Jon Stewart’s Struggle to Name the Real Problem
By Amy Westervelt
This week, The Problem with Jon Stewart put out a climate episode and sent #ClimateTwitter into a frenzy. Our pal Kendra Pierre-Louis did a comprehensive Twitter thread pointing out the various flaws in the segment, and I’m gonna get to those in some detail below.
But first, The Good! This episode did an excellent job pointing out that in order to avoid the worst impacts of the climate crisis, it’s going to take more than individuals conserving energy or reducing their carbon footprints. Guests Jesse Jenkins and Heather McTeer Toney both did a great job of steering the conversation toward available solutions and the need to center equity. And Stewart mostly held his own in an interview with Shell CEO Ben Van Beurden. I particularly enjoyed the part where Van Beurden claimed the fossil fuel industry hasn’t blocked climate policy, Stewart pointed out that the API has, van Beurden said “Well we don’t agree with everything API does,” and Stewart asked: Aren’t you on their board?
Before I pivot to The Problems, we can’t expect every show to nail every climate segment, or for talking points that have been around for a century to magically disappear overnight. Frankly, this show did a better job than most. (Also kudos to them for inviting Kendra on their podcast to discuss further!)
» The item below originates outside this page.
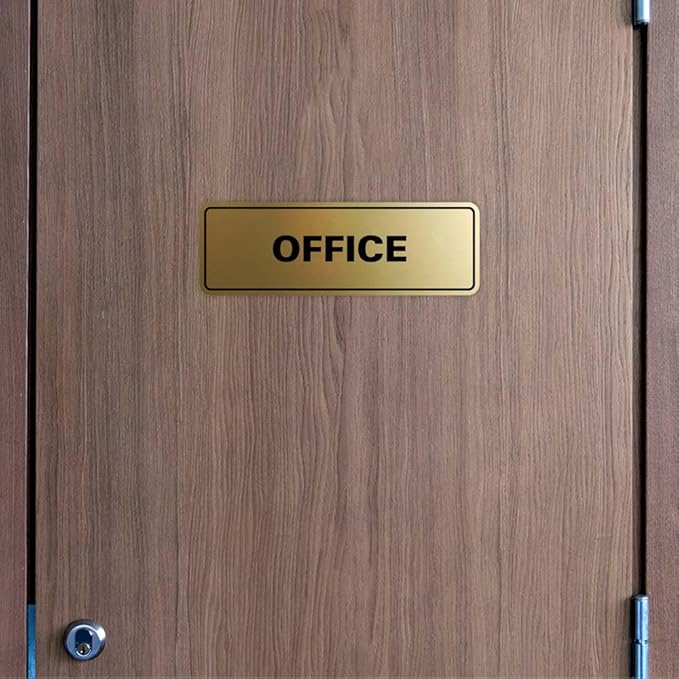 Signs ByLITA Standard Office Sign - Professional Business Signage - Easy to Install (Red/Yellow) - Large 1 Pack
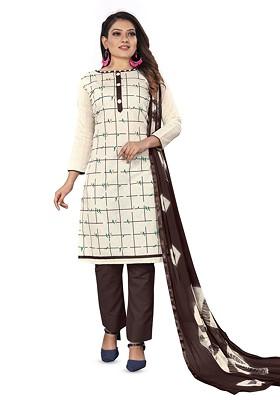 Off White Solid Poly Blend Kurta Set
BUT (you knew the but was coming), it’s important to highlight problematic frames when we see them, and there were several in this episode worth drawing attention to. I spotted five of the fossil fuel industry’s favorite takes on climate here:
1. Oil Is Progress.
The American Petroleum Institute has been telling this story for about 150 years: Oil enables progress, it is the basis of the American dream and the fuel of all our success over the past century. Oil companies successfully argued this point a few years back in a San Francisco court as well. Chevron's attorney, Ted Boutrous, speaking on behalf of all the oil company plaintiffs, argued that asking the courts to hold oil companies responsible for their role in climate change was akin to "challenging the way human civilization has developed to this date," and then he laid the blame at the feet of consumers, arguing that there's no evidence consumers would have changed their behavior had oil companies been truthful about climate change back in the 1980s. The argument successfully won over 9th Circuit judge William Alsup, who said: “We’ve been using fossil fuels for the entire industrial revolution. We won the Second World War with fossil fuels. If we didn't have fossil fuels, we would have lost that war and every other war. Airplanes couldn't fly, ocean liners couldn't fly, the trains wouldn't run, and we would be back in the Stone Age. ”
In his climate segment, Jon Stewart parroted this talking point as well, noting: “Fossil fuels have been the engine of progress over the last 100 years, we are as addicted to them as they are to us,” and “Fossil fuels power our comfort and convenience and the fact that they lead to impending doom probably won’t get us to change our ways.” Super weird point to make after just debunking the idea that climate change can be solved by small shifts in consumer decisions. Here’s the thing: it’s not oil (or gas or coal) that enabled all that growth and development, it’s affordable energy. And part of what made fossil fuels affordable for a century is that their actual cost—including in the form of climate change—has been pawned off onto the public. ALSO, the "progress" and comfort that Stewart describes Americans as enjoying? Um, not all Americans! More than 13 percent of Americans live in poverty as of 2021; that's more than 40 million people, many of which do not have any of the comforts Stewart describes.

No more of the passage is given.